Here is the link, its a subset of vwvortex.com in the regional forums. We are a mildly amusing bunch


----------



## bio_nic (Feb 6, 2006)

*Re: Saw the EOS Highway 1 in person today.... (dieselgirl)*

Gayle, if the Eos was available in this country with a turbo diesel engine you and I would quit our jobs and just drive this beauty around .... movie star style ... with big sun glasses and our hair tied back in sexy scarves waving in the breeze. Ok, we'd stop once in a while for a glass of wine and some chocolate.


----------



## WolfsburgerMitFries (Jul 4, 2005)

*Re: Saw the EOS Highway 1 in person today.... (bio_nic)*


----------



## TergiBoy (Oct 16, 2006)

*Re: Saw the EOS Highway 1 in person today.... (dieselgirl)*

Very nice pics







I don't see that it has the DSG, can you confirm. This lo0k more like the Passat Trip like in my wife's Passat.
Thanks


----------



## DCubed (Oct 25, 2004)

*Re: Saw the EOS Highway 1 in person today.... (TergiBoy)*


_Quote, originally posted by *TergiBoy* »_Very nice pics







I don't see that it has the DSG, can you confirm. This lo0k more like the Passat Trip like in my wife's Passat.
Thanks 


3.2 and 2.0 EOS for the US all have DSG or 6 speed manual (2.0t only.)


----------



## TergiBoy (Oct 16, 2006)

*Re: Saw the EOS Highway 1 in person today.... (DCubed)*

So that's a non-US spec car, since we don,t see the DSG specific shifter and paddles on the steering....


----------



## TURBO PAUL (Mar 20, 2002)

*Re: Saw the EOS Highway 1 in person today.... (TergiBoy)*


_Quote, originally posted by *TergiBoy* »_So that's a non-US spec car, since we don,t see the DSG specific shifter and paddles on the steering....









That's the same shifter as all DSG Eos' and Jettas, and if you look carefully at the pics, you can see the DSG letters on the shifter, right below the top of the 'T'. The paddles on the Eos are only on the cars with the Sport Package.


----------



## gizmopop (Feb 6, 2000)

*Re: Saw the EOS Highway 1 in person today.... (TergiBoy)*


_Quote, originally posted by *TergiBoy* »_So that's a non-US spec car, since we don,t see the DSG specific shifter and paddles on the steering....

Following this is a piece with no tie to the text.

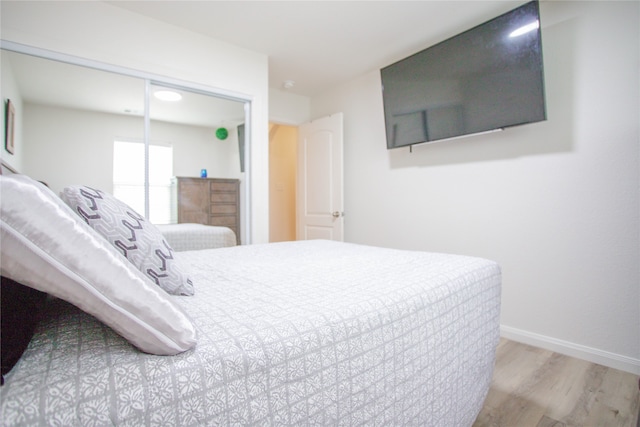 bedroom with light wood-type flooring and a closet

Actually thats a a luxury packaged car, (wood trim is a dead give away) I beleive all luxury packages do not have the paddles...the sport trim does though..


----------



## WolfsburgerMitFries (Jul 4, 2005)

*Re: Saw the EOS Highway 1 in person today.... (gizmopop)*

2 tipoffs to a US spec are the amber sidemakers on the front bumper and the shorter license plate cutout in the back bumper. The highway 1 car has both.
The interior trim looks like that piano black stuff from the individual chrome package.


----------



## fastgermancar (May 4, 2005)

how big are those wheels?


----------



## BigFoot-74205 (Jan 26, 2006)

I believe they're 20".


----------